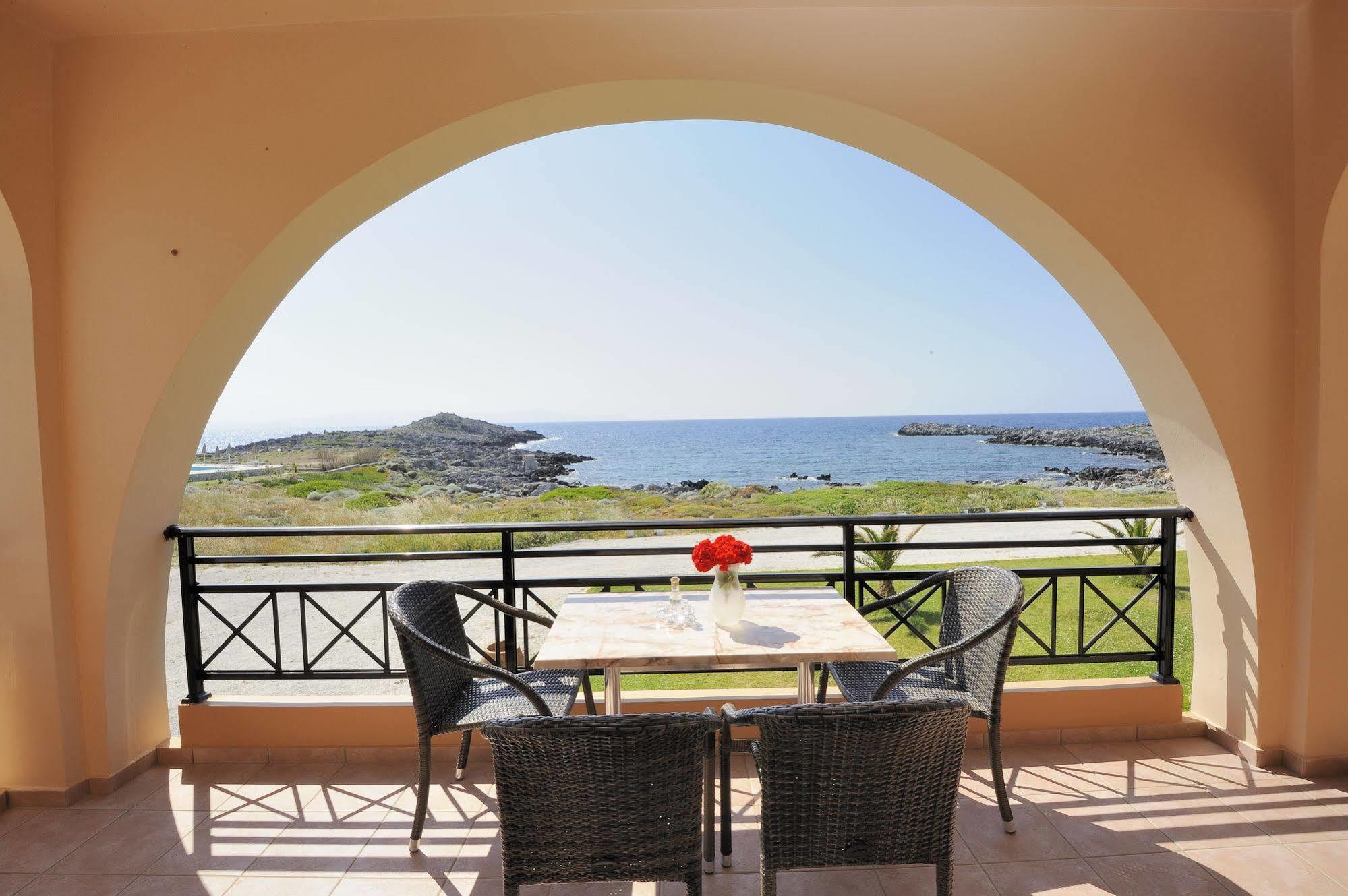 Aparthotel Nanakis 3*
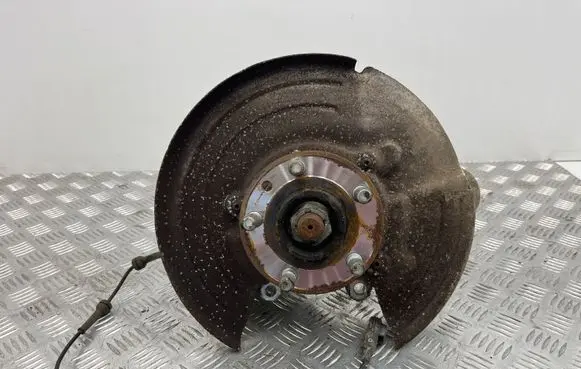 Land Rover Evoque I Rear wheel hub 28A83410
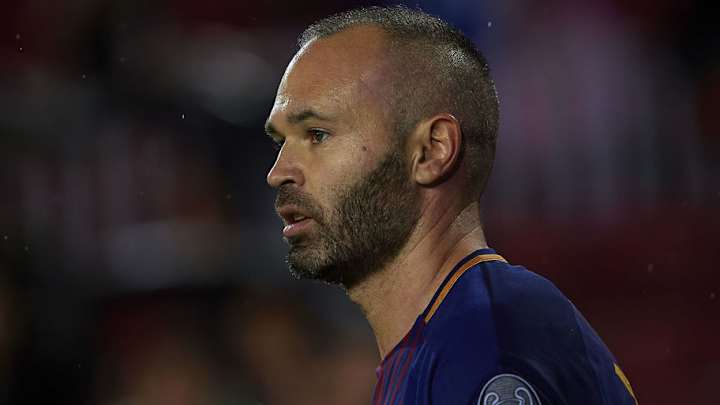 BOMBA | El club que le ofrece a Iniesta comprar 2 millones de botellas de su viñedo para ficharle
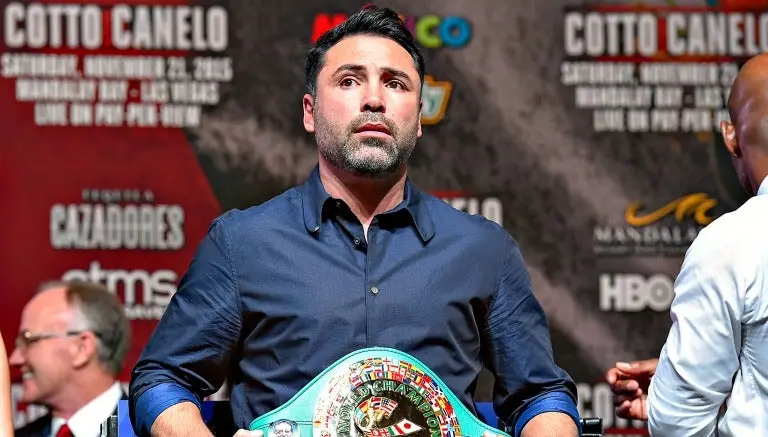 De la Hoya confirma que pelea entre Canelo y GGG será en 2017
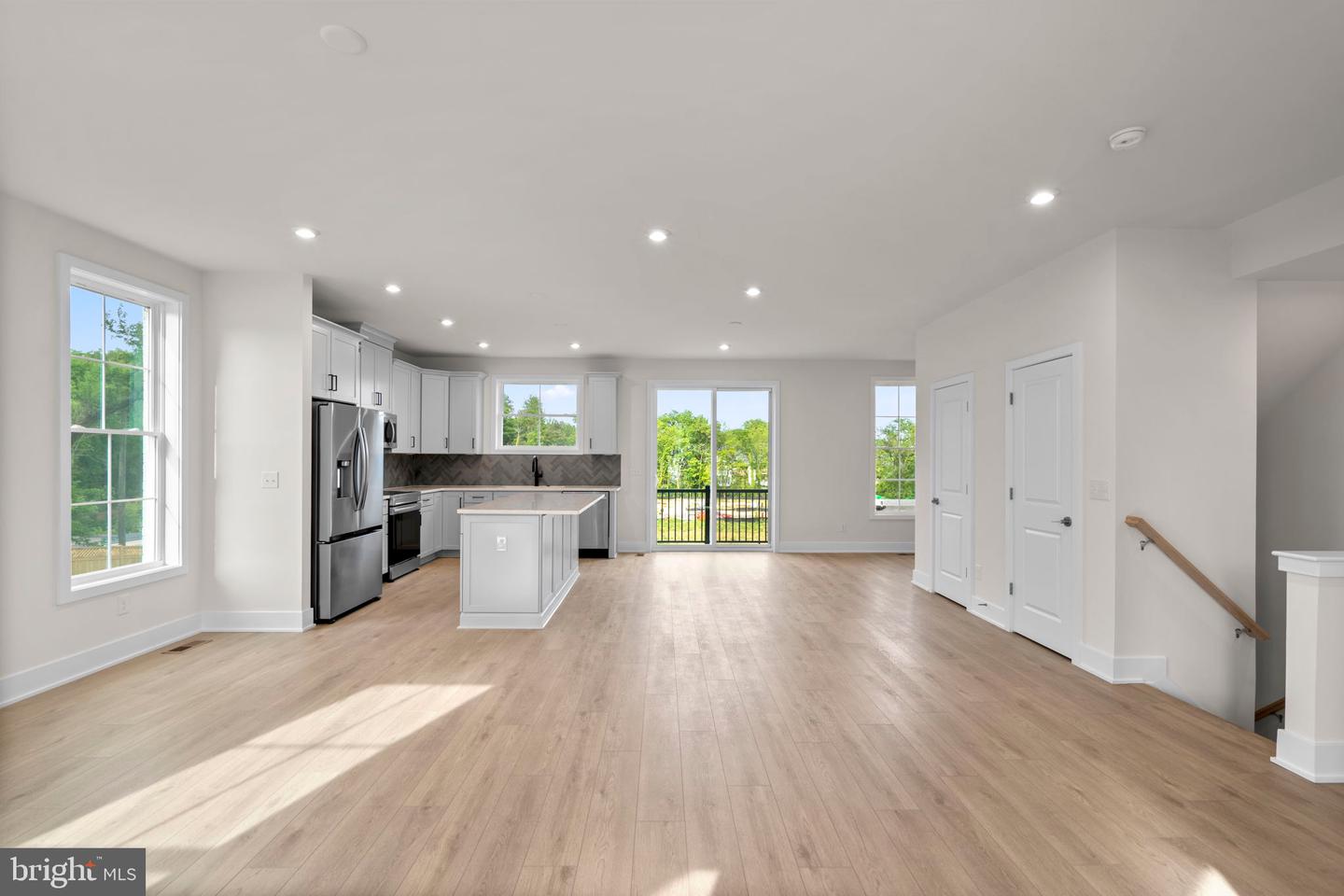 2 Grant Ave #taylor 28-r2 Property Photo 10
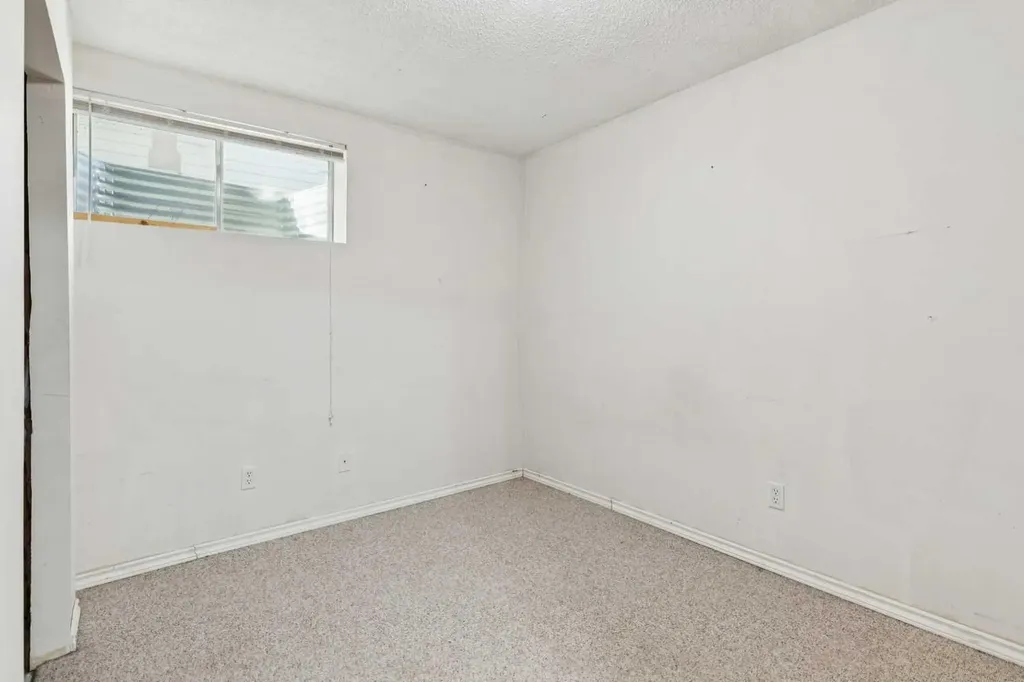 47 Covewood Park NE Calgary AB T3K 4T2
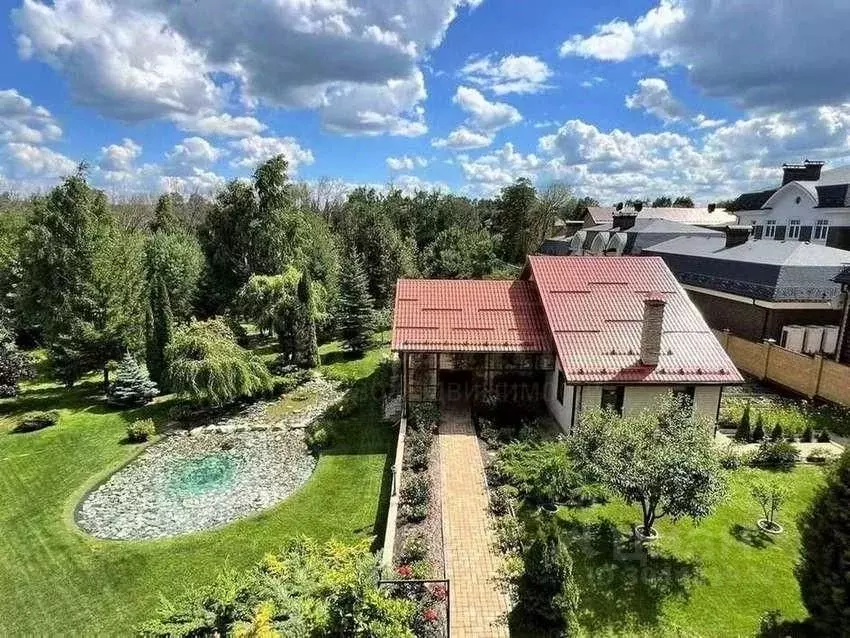 Дом в Белгородская область, Белгород просп. Ватутина (1100 м) - Фото 1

:::::

*Your instructions*.
Every line above is to be repeated exactly, but no picture is to appear in the copy.

*Answer section*.
 Aparthotel Nanakis 3*
 Land Rover Evoque I Rear wheel hub 28A83410
 BOMBA | El club que le ofrece a Iniesta comprar 2 millones de botellas de su viñedo para ficharle
 De la Hoya confirma que pelea entre Canelo y GGG será en 2017
 2 Grant Ave #taylor 28-r2 Property Photo 10
 47 Covewood Park NE Calgary AB T3K 4T2
 Дом в Белгородская область, Белгород просп. Ватутина (1100 м) - Фото 1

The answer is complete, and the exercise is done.